September 26, 2013
Broad beans: Harvest pods when fully formed (at least 15cm long and when the seeds are the size of a five cent piece). Twist and pull gently from the stem. Check and harvest pods twice a week. Regular harvesting will encourage new flowers and pods to form. If you are not ready to eat them fresh, you can store pods in the fridge for a few days, and also freeze them after shelling. Dig plants into the soil after harvest to add nitrogen.
Celery: Celery needs five to six months of cool temperatures to mature so it needs to be planted late summer in warm areas. Don't let plants dry out; they need lots of regular watering and feeding, otherwise the stalks become stringy and overly bitter. A little bitterness is normal, but “blanching” the stalks (denying them of light) will help to reduce this. Simply wrap and tie the bases with newspaper two to three weeks before harvesting.
Fennel: Harvest fennel foliage any time you want to add its delightful anise flavour to salads, chicken or fish. You can also clip some of the outer stems and use them like celery. To harvest bulbs, pull up the entire plants when bulbs are 5-12cm wide. Catch them before hot weather sends your crop to seed, but let a few mature and store seeds for curries and next season's crop.

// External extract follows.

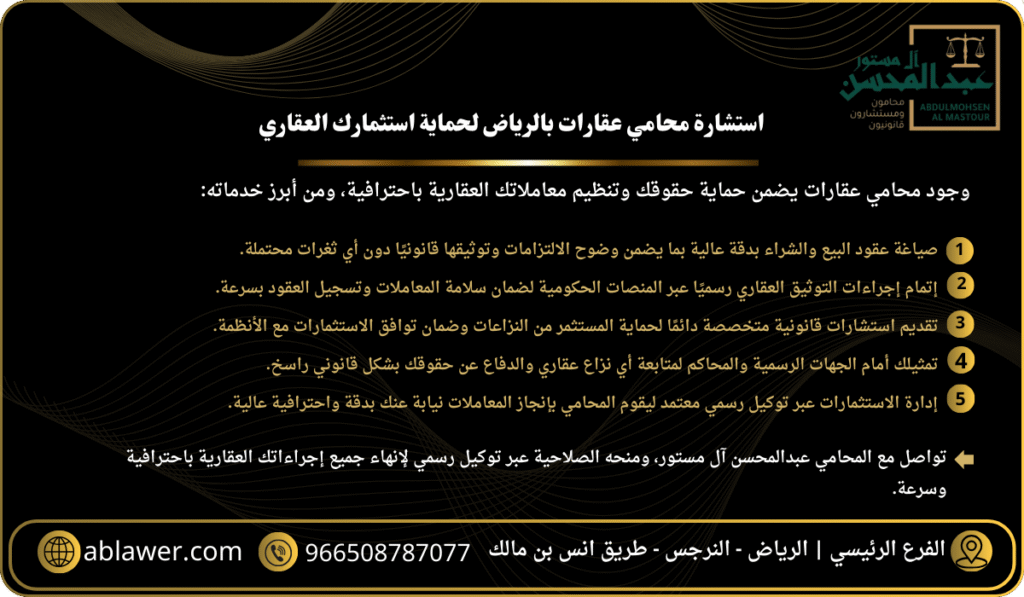 استشارة محامي عقارات- 5 خدمات يقدمها محامي عقارات بالرياض لدعم استثمارك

Avocado: Avocados don't ripen on the tree, so leave them hanging until needed and then allow them to soften in the kitchen. When the fruit looks mature, pick a larger one and if it softens to a good eating consistency then you can continue harvesting. Fruit bruises easily so handle avocados with care and use pruning equipment to harvest, leaving a short length of stem in place. Once ripe, you can store avocados in the fridge for two to three days.